El día, apenas nublado, era frío y ventoso. Miro al cielo intentando calcular cuándo comenzarían las lluvias y si tendría tiempo para hacer el camino de regreso. Encontró a Morgause arrodillada junto al lecho del río, lavando; frotaba enérgicamente, apartándose de vez en cuando los dorados mechones que rebeldes le caían sobre la cara. Se acercó hasta ella.
-Me alegro de que os encontréis mejor- dijo la mujer sin volverse.- Me temo que anoche no os sentó bien el vino.
-No entiendo qué me sucedió.
-Estabais agotado, cabalgasteis en una jornada lo que cualquier experto jinete hace en dos- dijo ella volviéndose al fin.-No le deis más importancia, el vino y el fuego hicieron el resto.
Tenía las mejillas sonrosadas y estaba muy hermosa.
Jacobo distinguió al cuervo parado en un árbol cercano, observando con atención la escena.
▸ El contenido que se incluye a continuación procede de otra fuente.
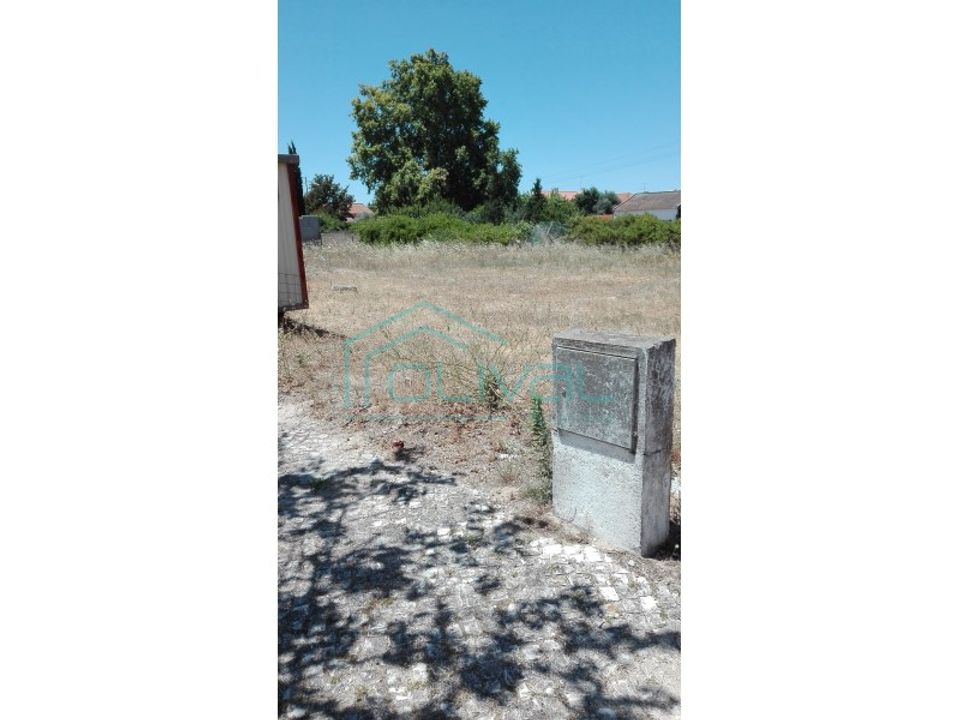 Helårsgrund i Benavente, Santarem - foto 2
Sintió ganas de marcharse.
-¿Cómo os puedo agradecer todo lo que habéis hecho?
Ella hizo un gesto quitándole importancia.
-Tal vez algún día podáis regresar con vuestro hijo.
Sus miradas se detuvieron, los ojos del uno en el otro; Jacobo tuvo un estremecimiento que no supo reconocer.
-Será mejor que salgáis lo antes posible- continuó Morgause mientras sumergía de nuevo las manos en el agua- el día amenaza lluvia, y en tal caso ese percherón pasicorto que lleváis será más un incordio que una ayuda. He guardado en las alforjas el remedio para vuestra esposa y algo de agua y comida.
Jacobo sonrió agradecido; fue hacia el establo y encontró al caballo ensillado y dispuesto. Subió a él, tomando la dirección del sendero. Dirigió una última mirada a la mujer que permanecía arrodillada. Hizo un gesto de asentimiento, levantó la mano para despedirse, y sin más demora, azuzó a la bestia y partió sin mirar atrás.
Morgause permaneció quieta observando cómo Jacobo se alejaba, con la certeza de que nunca más volvería a ver a su amante. En la superficie plateada del río, el reflejo de su rostro le devolvió una sonrisa satisfecha, tranquila.
-¿Maíz?- graznó el pájaro desde la rama. Morgause, que continuaba sonriendo, se puso de pie despacio encaminándose hacia la casa. El pájaro voló hasta su hombro.
Con actitud soñadora, la bruja acariciaba despacio su vientre.